What the task asks: Nothing in the entries may change when they are transcribed.

Given records:
■ ■ ■
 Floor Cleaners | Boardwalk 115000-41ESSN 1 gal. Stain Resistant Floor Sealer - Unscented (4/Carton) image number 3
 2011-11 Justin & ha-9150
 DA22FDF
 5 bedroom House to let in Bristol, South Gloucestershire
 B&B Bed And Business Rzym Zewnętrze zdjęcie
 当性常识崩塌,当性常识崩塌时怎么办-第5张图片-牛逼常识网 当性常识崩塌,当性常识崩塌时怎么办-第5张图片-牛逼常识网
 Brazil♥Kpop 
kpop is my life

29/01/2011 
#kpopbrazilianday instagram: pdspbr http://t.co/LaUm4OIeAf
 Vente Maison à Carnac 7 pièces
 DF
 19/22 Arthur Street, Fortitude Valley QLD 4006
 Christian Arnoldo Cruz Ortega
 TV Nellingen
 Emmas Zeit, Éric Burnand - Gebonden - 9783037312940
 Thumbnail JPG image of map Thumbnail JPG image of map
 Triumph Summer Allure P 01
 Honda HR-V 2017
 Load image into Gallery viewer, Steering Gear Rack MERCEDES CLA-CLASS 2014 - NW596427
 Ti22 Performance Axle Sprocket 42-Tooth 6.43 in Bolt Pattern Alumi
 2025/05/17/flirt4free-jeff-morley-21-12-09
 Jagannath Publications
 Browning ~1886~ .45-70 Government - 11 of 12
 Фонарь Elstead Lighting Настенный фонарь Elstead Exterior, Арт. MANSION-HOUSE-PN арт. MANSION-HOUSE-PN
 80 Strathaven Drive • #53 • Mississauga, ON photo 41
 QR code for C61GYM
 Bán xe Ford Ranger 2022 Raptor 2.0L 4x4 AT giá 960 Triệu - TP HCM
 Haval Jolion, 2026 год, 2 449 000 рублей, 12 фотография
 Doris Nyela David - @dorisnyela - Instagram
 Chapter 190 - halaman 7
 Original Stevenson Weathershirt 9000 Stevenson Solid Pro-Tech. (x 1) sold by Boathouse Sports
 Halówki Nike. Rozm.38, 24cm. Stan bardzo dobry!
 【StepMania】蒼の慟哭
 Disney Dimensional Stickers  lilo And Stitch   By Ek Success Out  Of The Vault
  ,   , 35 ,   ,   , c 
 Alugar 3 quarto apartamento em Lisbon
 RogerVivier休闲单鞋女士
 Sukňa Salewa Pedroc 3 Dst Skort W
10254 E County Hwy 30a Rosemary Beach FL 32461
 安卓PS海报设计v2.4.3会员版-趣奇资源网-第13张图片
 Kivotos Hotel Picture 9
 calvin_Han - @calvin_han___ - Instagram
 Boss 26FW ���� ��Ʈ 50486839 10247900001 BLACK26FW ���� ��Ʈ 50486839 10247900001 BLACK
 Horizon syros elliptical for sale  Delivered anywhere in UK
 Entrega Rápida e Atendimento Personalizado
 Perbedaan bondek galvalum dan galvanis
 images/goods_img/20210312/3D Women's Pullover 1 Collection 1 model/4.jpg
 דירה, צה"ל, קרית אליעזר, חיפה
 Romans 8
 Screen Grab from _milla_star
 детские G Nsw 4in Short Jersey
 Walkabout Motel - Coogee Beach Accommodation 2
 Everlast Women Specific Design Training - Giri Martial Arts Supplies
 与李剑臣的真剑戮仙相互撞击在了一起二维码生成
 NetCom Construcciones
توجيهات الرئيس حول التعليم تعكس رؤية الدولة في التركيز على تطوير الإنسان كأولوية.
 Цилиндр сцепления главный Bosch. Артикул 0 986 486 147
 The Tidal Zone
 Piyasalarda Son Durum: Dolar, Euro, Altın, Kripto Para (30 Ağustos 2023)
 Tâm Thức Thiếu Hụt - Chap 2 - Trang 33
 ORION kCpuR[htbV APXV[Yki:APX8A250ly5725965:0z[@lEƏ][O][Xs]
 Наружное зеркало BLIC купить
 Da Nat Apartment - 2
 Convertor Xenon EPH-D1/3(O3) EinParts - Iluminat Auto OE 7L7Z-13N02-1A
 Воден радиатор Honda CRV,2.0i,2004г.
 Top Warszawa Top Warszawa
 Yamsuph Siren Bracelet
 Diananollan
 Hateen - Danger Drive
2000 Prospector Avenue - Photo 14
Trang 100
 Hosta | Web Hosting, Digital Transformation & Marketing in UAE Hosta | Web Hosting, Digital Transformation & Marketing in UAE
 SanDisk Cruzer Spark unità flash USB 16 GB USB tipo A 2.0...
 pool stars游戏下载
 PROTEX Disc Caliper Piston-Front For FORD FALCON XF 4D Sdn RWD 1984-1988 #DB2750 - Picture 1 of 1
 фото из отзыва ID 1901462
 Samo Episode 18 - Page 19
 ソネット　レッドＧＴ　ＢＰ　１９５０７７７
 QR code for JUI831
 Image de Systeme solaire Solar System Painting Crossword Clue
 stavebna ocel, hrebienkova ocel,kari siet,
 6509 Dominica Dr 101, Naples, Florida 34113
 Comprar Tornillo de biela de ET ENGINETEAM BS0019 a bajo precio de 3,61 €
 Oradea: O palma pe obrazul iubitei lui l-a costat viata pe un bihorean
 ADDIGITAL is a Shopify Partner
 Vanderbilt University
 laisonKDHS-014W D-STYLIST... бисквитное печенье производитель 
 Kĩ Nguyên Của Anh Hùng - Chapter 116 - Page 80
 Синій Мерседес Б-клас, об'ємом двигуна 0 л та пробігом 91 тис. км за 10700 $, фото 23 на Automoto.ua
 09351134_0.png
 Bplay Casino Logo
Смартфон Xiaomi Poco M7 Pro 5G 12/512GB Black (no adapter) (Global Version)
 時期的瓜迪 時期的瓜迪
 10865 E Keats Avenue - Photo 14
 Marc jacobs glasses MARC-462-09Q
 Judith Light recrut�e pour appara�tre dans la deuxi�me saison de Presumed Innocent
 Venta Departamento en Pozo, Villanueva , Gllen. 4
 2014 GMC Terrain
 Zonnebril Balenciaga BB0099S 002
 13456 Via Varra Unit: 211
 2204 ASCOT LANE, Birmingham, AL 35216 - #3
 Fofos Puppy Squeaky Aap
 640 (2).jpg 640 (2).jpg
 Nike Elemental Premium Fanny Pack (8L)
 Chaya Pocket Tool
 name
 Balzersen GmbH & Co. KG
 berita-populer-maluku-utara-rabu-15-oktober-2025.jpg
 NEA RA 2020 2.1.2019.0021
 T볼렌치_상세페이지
■ ■ ■
Task output:
 Floor Cleaners | Boardwalk 115000-41ESSN 1 gal. Stain Resistant Floor Sealer - Unscented (4/Carton) image number 3
 2011-11 Justin & ha-9150
 DA22FDF
 5 bedroom House to let in Bristol, South Gloucestershire
 B&B Bed And Business Rzym Zewnętrze zdjęcie
 当性常识崩塌,当性常识崩塌时怎么办-第5张图片-牛逼常识网 当性常识崩塌,当性常识崩塌时怎么办-第5张图片-牛逼常识网
 Brazil♥Kpop 
kpop is my life

29/01/2011 
#kpopbrazilianday instagram: pdspbr http://t.co/LaUm4OIeAf
 Vente Maison à Carnac 7 pièces
 DF
 19/22 Arthur Street, Fortitude Valley QLD 4006
 Christian Arnoldo Cruz Ortega
 TV Nellingen
 Emmas Zeit, Éric Burnand - Gebonden - 9783037312940
 Thumbnail JPG image of map Thumbnail JPG image of map
 Triumph Summer Allure P 01
 Honda HR-V 2017
 Load image into Gallery viewer, Steering Gear Rack MERCEDES CLA-CLASS 2014 - NW596427
 Ti22 Performance Axle Sprocket 42-Tooth 6.43 in Bolt Pattern Alumi
 2025/05/17/flirt4free-jeff-morley-21-12-09
 Jagannath Publications
 Browning ~1886~ .45-70 Government - 11 of 12
 Фонарь Elstead Lighting Настенный фонарь Elstead Exterior, Арт. MANSION-HOUSE-PN арт. MANSION-HOUSE-PN
 80 Strathaven Drive • #53 • Mississauga, ON photo 41
 QR code for C61GYM
 Bán xe Ford Ranger 2022 Raptor 2.0L 4x4 AT giá 960 Triệu - TP HCM
 Haval Jolion, 2026 год, 2 449 000 рублей, 12 фотография
 Doris Nyela David - @dorisnyela - Instagram
 Chapter 190 - halaman 7
 Original Stevenson Weathershirt 9000 Stevenson Solid Pro-Tech. (x 1) sold by Boathouse Sports
 Halówki Nike. Rozm.38, 24cm. Stan bardzo dobry!
 【StepMania】蒼の慟哭
 Disney Dimensional Stickers  lilo And Stitch   By Ek Success Out  Of The Vault
  ,   , 35 ,   ,   , c 
 Alugar 3 quarto apartamento em Lisbon
 RogerVivier休闲单鞋女士
 Sukňa Salewa Pedroc 3 Dst Skort W
10254 E County Hwy 30a Rosemary Beach FL 32461
 安卓PS海报设计v2.4.3会员版-趣奇资源网-第13张图片
 Kivotos Hotel Picture 9
 calvin_Han - @calvin_han___ - Instagram
 Boss 26FW ���� ��Ʈ 50486839 10247900001 BLACK26FW ���� ��Ʈ 50486839 10247900001 BLACK
 Horizon syros elliptical for sale  Delivered anywhere in UK
 Entrega Rápida e Atendimento Personalizado
 Perbedaan bondek galvalum dan galvanis
 images/goods_img/20210312/3D Women's Pullover 1 Collection 1 model/4.jpg
 דירה, צה"ל, קרית אליעזר, חיפה
 Romans 8
 Screen Grab from _milla_star
 детские G Nsw 4in Short Jersey
 Walkabout Motel - Coogee Beach Accommodation 2
 Everlast Women Specific Design Training - Giri Martial Arts Supplies
 与李剑臣的真剑戮仙相互撞击在了一起二维码生成
 NetCom Construcciones
توجيهات الرئيس حول التعليم تعكس رؤية الدولة في التركيز على تطوير الإنسان كأولوية.
 Цилиндр сцепления главный Bosch. Артикул 0 986 486 147
 The Tidal Zone
 Piyasalarda Son Durum: Dolar, Euro, Altın, Kripto Para (30 Ağustos 2023)
 Tâm Thức Thiếu Hụt - Chap 2 - Trang 33
 ORION kCpuR[htbV APXV[Yki:APX8A250ly5725965:0z[@lEƏ][O][Xs]
 Наружное зеркало BLIC купить
 Da Nat Apartment - 2
 Convertor Xenon EPH-D1/3(O3) EinParts - Iluminat Auto OE 7L7Z-13N02-1A
 Воден радиатор Honda CRV,2.0i,2004г.
 Top Warszawa Top Warszawa
 Yamsuph Siren Bracelet
 Diananollan
 Hateen - Danger Drive
2000 Prospector Avenue - Photo 14
Trang 100
 Hosta | Web Hosting, Digital Transformation & Marketing in UAE Hosta | Web Hosting, Digital Transformation & Marketing in UAE
 SanDisk Cruzer Spark unità flash USB 16 GB USB tipo A 2.0...
 pool stars游戏下载
 PROTEX Disc Caliper Piston-Front For FORD FALCON XF 4D Sdn RWD 1984-1988 #DB2750 - Picture 1 of 1
 фото из отзыва ID 1901462
 Samo Episode 18 - Page 19
 ソネット　レッドＧＴ　ＢＰ　１９５０７７７
 QR code for JUI831
 Image de Systeme solaire Solar System Painting Crossword Clue
 stavebna ocel, hrebienkova ocel,kari siet,
 6509 Dominica Dr 101, Naples, Florida 34113
 Comprar Tornillo de biela de ET ENGINETEAM BS0019 a bajo precio de 3,61 €
 Oradea: O palma pe obrazul iubitei lui l-a costat viata pe un bihorean
 ADDIGITAL is a Shopify Partner
 Vanderbilt University
 laisonKDHS-014W D-STYLIST... бисквитное печенье производитель 
 Kĩ Nguyên Của Anh Hùng - Chapter 116 - Page 80
 Синій Мерседес Б-клас, об'ємом двигуна 0 л та пробігом 91 тис. км за 10700 $, фото 23 на Automoto.ua
 09351134_0.png
 Bplay Casino Logo
Смартфон Xiaomi Poco M7 Pro 5G 12/512GB Black (no adapter) (Global Version)
 時期的瓜迪 時期的瓜迪
 10865 E Keats Avenue - Photo 14
 Marc jacobs glasses MARC-462-09Q
 Judith Light recrut�e pour appara�tre dans la deuxi�me saison de Presumed Innocent
 Venta Departamento en Pozo, Villanueva , Gllen. 4
 2014 GMC Terrain
 Zonnebril Balenciaga BB0099S 002
 13456 Via Varra Unit: 211
 2204 ASCOT LANE, Birmingham, AL 35216 - #3
 Fofos Puppy Squeaky Aap
 640 (2).jpg 640 (2).jpg
 Nike Elemental Premium Fanny Pack (8L)
 Chaya Pocket Tool
 name
 Balzersen GmbH & Co. KG
 berita-populer-maluku-utara-rabu-15-oktober-2025.jpg
 NEA RA 2020 2.1.2019.0021
 T볼렌치_상세페이지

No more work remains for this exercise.